Jurisprudence : PAP : annulation en cas de négociation déloyale

Cass. Soc., 9 octobre 2019, n° 19-10.780

Pour rappel : en application de la jurisprudence de la Cour de cassation, l’employeur doit, dans le cadre de la négociation du protocole préélectoral en vue des élections professionnelles, fournir aux syndicats participant à la négociation, les éléments demandés nécessaires au contrôle de l’effectif et des listes électorales.
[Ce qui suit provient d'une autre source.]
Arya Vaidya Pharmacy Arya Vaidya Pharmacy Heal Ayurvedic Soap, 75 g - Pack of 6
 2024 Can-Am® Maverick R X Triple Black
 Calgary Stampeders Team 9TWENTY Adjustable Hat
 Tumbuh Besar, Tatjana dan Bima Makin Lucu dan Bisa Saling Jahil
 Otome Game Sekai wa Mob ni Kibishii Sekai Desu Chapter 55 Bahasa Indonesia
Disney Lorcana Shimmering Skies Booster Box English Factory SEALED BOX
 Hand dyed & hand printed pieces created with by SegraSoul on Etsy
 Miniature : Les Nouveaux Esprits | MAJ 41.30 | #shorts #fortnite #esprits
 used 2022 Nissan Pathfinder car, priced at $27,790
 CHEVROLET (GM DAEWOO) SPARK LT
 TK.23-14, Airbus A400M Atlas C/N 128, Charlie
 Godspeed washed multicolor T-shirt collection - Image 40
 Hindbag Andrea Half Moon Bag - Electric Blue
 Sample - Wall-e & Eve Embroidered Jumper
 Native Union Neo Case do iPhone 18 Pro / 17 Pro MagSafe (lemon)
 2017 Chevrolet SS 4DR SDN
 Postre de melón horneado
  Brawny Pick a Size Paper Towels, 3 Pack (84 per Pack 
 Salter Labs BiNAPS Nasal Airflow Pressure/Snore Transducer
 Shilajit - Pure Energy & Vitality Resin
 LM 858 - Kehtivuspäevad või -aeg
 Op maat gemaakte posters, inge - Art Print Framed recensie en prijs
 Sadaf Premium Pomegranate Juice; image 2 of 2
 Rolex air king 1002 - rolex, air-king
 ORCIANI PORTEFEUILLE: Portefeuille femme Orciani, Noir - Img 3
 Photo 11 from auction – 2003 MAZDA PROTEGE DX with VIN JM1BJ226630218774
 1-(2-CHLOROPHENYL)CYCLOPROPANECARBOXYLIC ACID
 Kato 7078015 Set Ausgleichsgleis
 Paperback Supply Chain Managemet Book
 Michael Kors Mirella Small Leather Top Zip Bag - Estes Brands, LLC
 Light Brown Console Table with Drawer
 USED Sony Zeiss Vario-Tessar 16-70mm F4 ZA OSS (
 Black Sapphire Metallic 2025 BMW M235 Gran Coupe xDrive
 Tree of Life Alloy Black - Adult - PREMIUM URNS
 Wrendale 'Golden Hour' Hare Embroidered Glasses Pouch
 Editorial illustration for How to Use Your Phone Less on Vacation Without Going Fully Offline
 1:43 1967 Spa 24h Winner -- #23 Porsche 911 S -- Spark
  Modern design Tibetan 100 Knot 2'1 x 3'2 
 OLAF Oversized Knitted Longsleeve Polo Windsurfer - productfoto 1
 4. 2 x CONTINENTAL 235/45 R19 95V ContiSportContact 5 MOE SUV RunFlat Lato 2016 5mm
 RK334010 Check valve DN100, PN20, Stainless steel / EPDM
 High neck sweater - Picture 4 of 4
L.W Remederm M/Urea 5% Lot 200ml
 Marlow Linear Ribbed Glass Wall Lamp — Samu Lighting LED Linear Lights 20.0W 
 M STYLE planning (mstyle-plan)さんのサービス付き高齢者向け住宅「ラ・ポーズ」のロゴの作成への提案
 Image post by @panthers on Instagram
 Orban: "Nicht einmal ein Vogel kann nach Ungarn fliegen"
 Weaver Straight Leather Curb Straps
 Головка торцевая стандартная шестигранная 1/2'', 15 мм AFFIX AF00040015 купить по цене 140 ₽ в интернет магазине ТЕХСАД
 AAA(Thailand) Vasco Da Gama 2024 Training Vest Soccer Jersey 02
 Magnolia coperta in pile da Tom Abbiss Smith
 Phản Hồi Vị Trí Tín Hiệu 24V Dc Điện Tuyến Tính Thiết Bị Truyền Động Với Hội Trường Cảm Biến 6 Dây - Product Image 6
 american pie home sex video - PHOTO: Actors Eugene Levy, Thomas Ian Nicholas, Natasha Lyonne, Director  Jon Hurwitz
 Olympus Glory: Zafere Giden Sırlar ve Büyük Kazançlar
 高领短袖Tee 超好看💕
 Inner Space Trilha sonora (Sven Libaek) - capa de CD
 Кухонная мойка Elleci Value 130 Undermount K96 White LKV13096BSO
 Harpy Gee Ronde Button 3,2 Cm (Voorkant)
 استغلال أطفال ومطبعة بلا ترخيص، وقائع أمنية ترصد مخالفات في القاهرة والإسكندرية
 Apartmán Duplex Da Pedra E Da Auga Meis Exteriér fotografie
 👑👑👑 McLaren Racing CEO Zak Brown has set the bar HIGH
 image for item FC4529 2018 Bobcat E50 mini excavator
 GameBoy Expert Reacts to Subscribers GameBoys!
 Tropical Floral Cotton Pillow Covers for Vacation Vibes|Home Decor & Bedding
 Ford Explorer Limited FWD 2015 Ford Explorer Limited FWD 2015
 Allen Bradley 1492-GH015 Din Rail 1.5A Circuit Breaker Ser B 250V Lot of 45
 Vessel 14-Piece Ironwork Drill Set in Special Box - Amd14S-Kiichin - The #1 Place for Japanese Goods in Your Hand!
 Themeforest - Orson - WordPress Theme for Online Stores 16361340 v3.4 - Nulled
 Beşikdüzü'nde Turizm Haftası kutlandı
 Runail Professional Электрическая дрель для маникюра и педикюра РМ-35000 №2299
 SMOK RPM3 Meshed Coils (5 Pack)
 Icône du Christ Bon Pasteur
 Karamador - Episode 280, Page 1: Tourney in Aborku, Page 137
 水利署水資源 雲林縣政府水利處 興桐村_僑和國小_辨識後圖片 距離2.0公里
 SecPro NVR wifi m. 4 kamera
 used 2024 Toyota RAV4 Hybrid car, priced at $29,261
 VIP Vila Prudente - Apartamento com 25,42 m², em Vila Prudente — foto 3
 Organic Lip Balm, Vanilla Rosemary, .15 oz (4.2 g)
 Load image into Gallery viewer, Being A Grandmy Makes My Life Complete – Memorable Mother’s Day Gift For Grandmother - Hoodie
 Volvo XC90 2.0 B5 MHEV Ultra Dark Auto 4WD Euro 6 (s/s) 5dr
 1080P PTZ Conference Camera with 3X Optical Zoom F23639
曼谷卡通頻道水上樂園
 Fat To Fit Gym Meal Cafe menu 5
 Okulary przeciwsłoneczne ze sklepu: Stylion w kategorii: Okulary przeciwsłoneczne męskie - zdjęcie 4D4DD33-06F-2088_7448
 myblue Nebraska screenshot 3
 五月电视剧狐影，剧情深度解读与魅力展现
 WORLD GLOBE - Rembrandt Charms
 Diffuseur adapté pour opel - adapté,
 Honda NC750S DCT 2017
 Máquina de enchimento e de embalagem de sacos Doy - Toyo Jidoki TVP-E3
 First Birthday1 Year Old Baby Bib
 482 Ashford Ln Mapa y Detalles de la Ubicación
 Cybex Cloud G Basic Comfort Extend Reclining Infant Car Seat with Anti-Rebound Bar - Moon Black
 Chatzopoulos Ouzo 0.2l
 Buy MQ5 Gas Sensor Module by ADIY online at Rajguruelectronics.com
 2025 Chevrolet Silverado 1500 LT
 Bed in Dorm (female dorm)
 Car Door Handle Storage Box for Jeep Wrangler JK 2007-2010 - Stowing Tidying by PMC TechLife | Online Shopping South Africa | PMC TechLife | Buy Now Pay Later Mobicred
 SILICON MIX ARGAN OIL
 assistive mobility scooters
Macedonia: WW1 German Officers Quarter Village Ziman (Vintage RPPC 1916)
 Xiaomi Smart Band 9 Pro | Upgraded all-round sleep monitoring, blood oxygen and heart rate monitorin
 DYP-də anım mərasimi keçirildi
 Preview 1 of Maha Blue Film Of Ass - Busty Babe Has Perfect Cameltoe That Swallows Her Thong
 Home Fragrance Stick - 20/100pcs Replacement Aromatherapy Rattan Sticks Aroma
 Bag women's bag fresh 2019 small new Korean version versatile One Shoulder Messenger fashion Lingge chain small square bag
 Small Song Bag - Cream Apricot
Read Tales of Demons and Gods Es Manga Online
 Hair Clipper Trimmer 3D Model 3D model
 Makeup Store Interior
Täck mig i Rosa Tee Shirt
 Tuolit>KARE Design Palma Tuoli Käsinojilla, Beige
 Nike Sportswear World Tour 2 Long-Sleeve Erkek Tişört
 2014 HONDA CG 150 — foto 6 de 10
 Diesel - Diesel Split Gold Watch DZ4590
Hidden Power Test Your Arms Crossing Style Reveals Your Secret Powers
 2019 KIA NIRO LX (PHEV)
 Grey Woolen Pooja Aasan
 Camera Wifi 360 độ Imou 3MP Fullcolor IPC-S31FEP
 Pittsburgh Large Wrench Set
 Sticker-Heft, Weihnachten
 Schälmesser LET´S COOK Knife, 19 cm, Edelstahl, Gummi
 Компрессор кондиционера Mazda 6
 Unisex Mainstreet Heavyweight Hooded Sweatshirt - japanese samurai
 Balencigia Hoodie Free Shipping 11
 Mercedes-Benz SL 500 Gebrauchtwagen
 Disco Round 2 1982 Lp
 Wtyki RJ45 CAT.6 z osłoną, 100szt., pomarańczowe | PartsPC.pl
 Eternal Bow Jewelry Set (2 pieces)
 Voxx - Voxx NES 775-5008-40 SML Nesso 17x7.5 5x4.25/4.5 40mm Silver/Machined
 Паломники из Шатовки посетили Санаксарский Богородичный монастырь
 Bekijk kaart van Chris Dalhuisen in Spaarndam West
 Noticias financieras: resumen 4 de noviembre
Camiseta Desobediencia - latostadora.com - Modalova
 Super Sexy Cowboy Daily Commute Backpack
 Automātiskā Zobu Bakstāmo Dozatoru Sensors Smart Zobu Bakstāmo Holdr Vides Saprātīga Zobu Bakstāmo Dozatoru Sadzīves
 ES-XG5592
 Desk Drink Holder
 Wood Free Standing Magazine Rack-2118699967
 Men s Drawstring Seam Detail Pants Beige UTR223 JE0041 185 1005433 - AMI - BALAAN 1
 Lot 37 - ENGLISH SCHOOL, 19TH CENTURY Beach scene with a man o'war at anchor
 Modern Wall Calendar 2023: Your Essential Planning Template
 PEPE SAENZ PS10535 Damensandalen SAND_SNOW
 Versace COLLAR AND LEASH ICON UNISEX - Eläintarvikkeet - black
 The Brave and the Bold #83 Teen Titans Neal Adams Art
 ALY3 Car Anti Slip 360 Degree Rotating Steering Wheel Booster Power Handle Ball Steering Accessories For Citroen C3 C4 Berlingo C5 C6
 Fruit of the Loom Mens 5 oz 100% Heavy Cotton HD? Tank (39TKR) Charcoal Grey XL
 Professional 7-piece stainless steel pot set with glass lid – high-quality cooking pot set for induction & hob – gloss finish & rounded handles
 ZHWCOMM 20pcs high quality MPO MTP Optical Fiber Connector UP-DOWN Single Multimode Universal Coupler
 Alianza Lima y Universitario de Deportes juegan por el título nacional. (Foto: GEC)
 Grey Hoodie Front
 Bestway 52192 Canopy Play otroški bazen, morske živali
Ceci en application de son obligation de loyauté.
Pour satisfaire à cette obligation, l’employeur peut mettre à disposition des syndicats le registre unique du personnel et les déclarations sociales, ou leur communiquer des copies ou extraits de ces documents, desquels sont ôtés les éléments confidentiels, notamment relatifs à la rémunération des salariés.

La Cour de cassation se prononce pour la première fois sur la sanction applicable dans l’hypothèse d’un protocole conclu malgré un défaut de communication des éléments demandés par le syndicat.

En l’espèce, l’employeur avait refusé de fournir à un syndicat, lors de la négociation du protocole, l’identité des salariés et leur niveau de classification, au motif qu’il ne souhaitait pas communiquer des éléments nominatifs et confidentiels à des personnes extérieures à l’entreprise.

La Cour de cassation condamne l’employeur, en dégageant les principes suivants :

-l’employeur est tenu de mener loyalement les
négociation d’un protocole préélectoral, notamment en mettant à disposition des organisations syndicales participant à la négociation, les éléments d’information indispensables à cette négociation ;

- le manquement à cette obligation de loyauté constitue une cause de nullité de l’accord, même s’il a été signé en respectant la condition de double majorité.

- la contestation du protocole doit avoir été introduite en justice avant le premier tour des élections par tout syndicat ayant participé à la négociation, ou postérieurement par un syndicat ayant participé à la négociation mais n’ayant pas signé le protocole et ayant émis des réserves expresses avant de présenter des candidats.

À noter : on peut déduire de l’arrêt rendu par la Cour de cassation que les données nominatives sur les fonctions et la classification des salariés sont des informations indispensables au contrôle de la répartition du personnel et des sièges dans les collèges et ne font donc pas partie des éléments confidentiels que l’employeur peut ôter des documents transmis.

À noter :  un arrêt rendu le 25 septembre dernier est venu préciser que si l’invitation à négocier le protocole mentionne deux dates distinctes pour la réunion de la négociation, le syndicat destinataire peut être considéré comme irrégulièrement convié et les élections annulées. Le protocole avait fixé la date de la réunion au « mardi 24 16 avril 2018 ». La Cour a estimé que la rédaction du protocole ne permettait pas aux syndicats de connaître la date exacte prévue pour la réunion.